Lets say I envy all three: fuck-ups, offs and free spirits. The reason I chose the first term was because I’d just finished reading ‘Forced entries’ by Jim Carroll and It got me to thinking about people who lead fucked up lives. Everyone knows at least one person (or is that person) who was like that.
There was this guy on my block when I was growing up, who was a complete drunk who still lived with his parents (he was mid 30s). He was the one guy on the entire block who would sit and talk to the kids, for hours simetimes, and everyones parents let him because he was harmless, just fucked up. He talked to us all as fellow humans instead of kids, which was alien to us. I’m sure his life has turned out horribly in many ways and I’d never want it for myself, but somehow, in the end, these people lead extremely interesting lives and shine a little more than normal people do in a weird way. They also are remembered by and touch more people.
The stuff about changing my life has to do with my present situation. I’ve been out of work on an injury for just over two years. I’m not complaining at all because it could be much worse. It just leaves me barren of any livelihood I could expect to have unless I change my craft.
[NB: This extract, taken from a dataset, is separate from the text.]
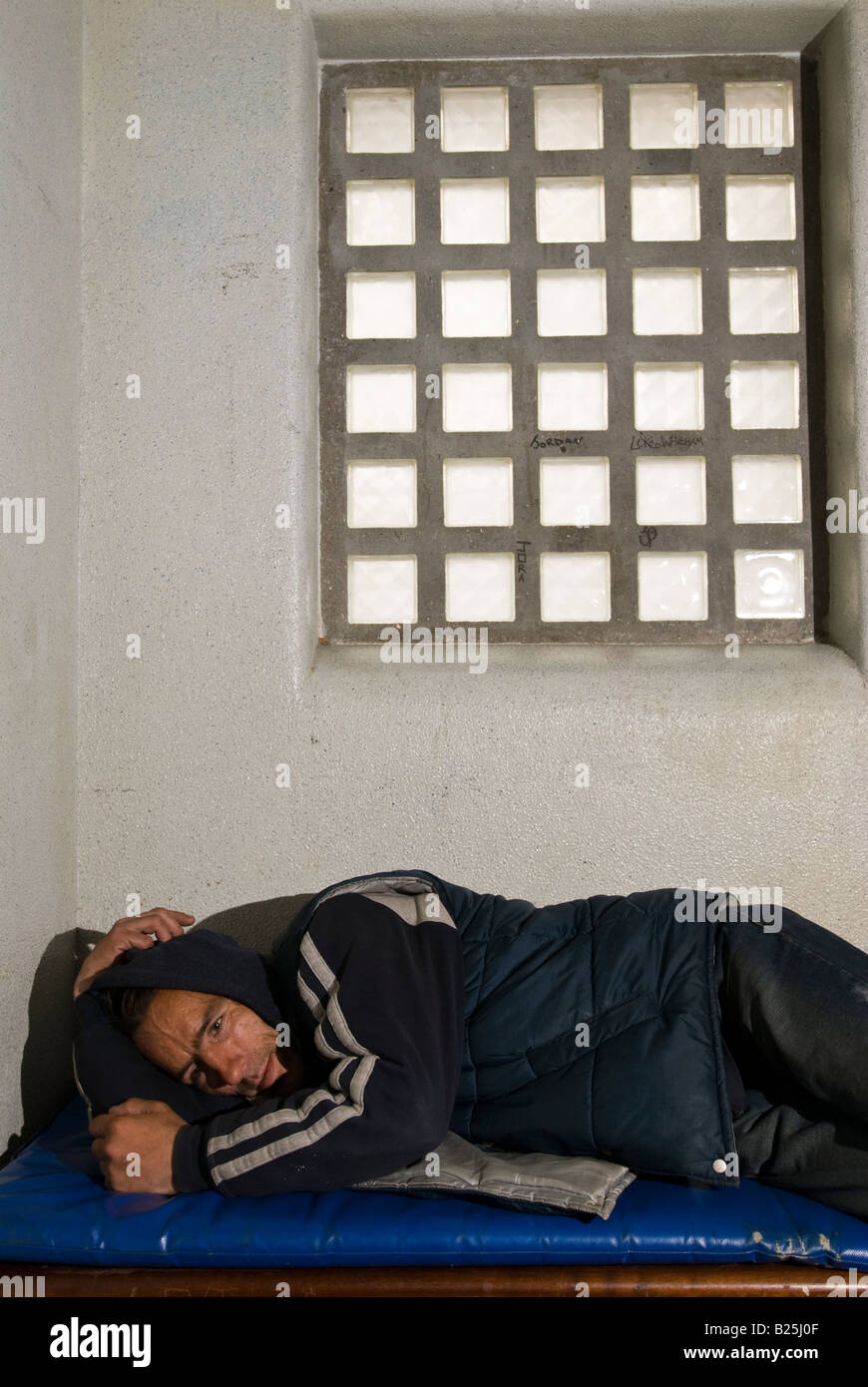 White male offender locked up overnight in a police cell Stock Photo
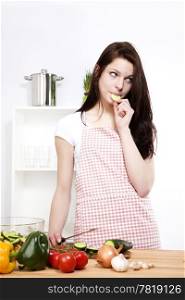 young woman eating cucumber. young woman eating cucumber while preparing salad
I’ve always worked with my hands.
The stuff tumbling around in my head is the result of having nothing BUT time and the opportunity to choose a new path and start down it. I am still no closer to know what I want to do and i just don’t want to piss this opportunity away. Not everyone gets to be so, let’s call it lucky for optimisms sake.
I don’t really want to change my life drastically now that I think about it but I long for more control of it while my kids are still kids. I just get itchy here in limbo sometimes, but I know nothing lasts forever.
As far as the mortgage goes, I’m holding my own like (hopefully) everyone else is.
I am glad I posted though because some of you have really interesting stories and thoughtful responses.
A gigantic fuck-up (and yes, it’s the right term) checking in.
I could write down a list simialr to MrVisible’s of my life’s fuck-ups. Or are they accomplishments? I get so confused. The realization of my sexual nature is different, however. It turns out, after all these years, that I’m unisexual.
In a more serious vein, say the right pulmonary, I’d look at the choices you’ve made, Rooves, and think, “Man, is that guy’s life fucked up!” I can’t imagine having kids voluntarily: Never have, probably never will. Although there may be some bullets left in the gun, I can only see them being shot against some latex Kevlar. I’ve always made the joke, “Sure, I want kids. Just let me know when they’ve been graduated from college so’s I can talk to them.”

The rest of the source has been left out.